Exercise materials Block Start
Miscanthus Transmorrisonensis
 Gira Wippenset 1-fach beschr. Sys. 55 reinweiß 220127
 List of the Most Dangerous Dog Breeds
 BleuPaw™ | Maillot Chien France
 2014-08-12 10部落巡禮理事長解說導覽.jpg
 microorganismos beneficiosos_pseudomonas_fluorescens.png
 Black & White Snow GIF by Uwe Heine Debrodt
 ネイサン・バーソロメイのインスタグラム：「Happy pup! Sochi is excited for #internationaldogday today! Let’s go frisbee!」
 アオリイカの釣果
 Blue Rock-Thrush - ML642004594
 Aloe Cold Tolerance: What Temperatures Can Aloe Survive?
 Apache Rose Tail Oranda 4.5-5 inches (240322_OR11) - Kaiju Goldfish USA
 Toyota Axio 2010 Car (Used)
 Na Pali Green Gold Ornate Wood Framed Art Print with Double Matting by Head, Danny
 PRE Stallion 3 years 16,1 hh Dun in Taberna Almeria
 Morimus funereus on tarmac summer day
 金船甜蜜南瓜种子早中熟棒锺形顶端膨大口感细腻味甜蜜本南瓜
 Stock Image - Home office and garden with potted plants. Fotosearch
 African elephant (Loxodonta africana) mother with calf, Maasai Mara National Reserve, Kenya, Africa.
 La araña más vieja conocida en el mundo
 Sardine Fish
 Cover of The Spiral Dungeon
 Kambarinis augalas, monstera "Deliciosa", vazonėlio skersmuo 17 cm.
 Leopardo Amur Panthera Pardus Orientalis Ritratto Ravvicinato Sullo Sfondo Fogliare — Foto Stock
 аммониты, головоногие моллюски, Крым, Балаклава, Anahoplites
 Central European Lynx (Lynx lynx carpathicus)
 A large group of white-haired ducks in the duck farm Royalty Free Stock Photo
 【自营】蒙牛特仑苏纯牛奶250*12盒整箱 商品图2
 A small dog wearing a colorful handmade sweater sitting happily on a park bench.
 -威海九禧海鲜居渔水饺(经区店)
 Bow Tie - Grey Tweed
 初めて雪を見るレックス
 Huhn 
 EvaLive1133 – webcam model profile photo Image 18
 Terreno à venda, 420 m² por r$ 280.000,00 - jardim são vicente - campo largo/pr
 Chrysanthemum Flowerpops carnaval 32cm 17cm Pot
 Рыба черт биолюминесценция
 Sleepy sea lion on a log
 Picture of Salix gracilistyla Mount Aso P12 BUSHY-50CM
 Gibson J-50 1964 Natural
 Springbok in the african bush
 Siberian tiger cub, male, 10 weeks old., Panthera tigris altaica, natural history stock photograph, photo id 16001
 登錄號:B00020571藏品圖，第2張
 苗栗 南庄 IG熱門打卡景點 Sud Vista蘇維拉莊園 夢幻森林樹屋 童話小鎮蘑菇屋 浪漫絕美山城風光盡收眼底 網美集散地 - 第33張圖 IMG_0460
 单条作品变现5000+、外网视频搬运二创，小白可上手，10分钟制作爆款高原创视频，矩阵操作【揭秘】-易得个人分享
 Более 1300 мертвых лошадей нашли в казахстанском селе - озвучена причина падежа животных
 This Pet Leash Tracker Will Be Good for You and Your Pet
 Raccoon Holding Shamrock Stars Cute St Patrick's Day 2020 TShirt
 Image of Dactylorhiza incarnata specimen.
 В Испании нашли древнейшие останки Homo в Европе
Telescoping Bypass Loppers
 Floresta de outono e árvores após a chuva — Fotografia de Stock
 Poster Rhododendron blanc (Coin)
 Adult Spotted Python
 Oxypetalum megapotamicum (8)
Exercise materials Block End
Task directions: Begin at the line above that has "microorganismos beneficiosos_pseudomonas_fluorescens.png" and stop after the line that has "Blue Rock-Thrush - ML642004594", copying each line exactly and adding nothing else.

Your response:
 microorganismos beneficiosos_pseudomonas_fluorescens.png
 Black & White Snow GIF by Uwe Heine Debrodt
 ネイサン・バーソロメイのインスタグラム：「Happy pup! Sochi is excited for #internationaldogday today! Let’s go frisbee!」
 アオリイカの釣果
 Blue Rock-Thrush - ML642004594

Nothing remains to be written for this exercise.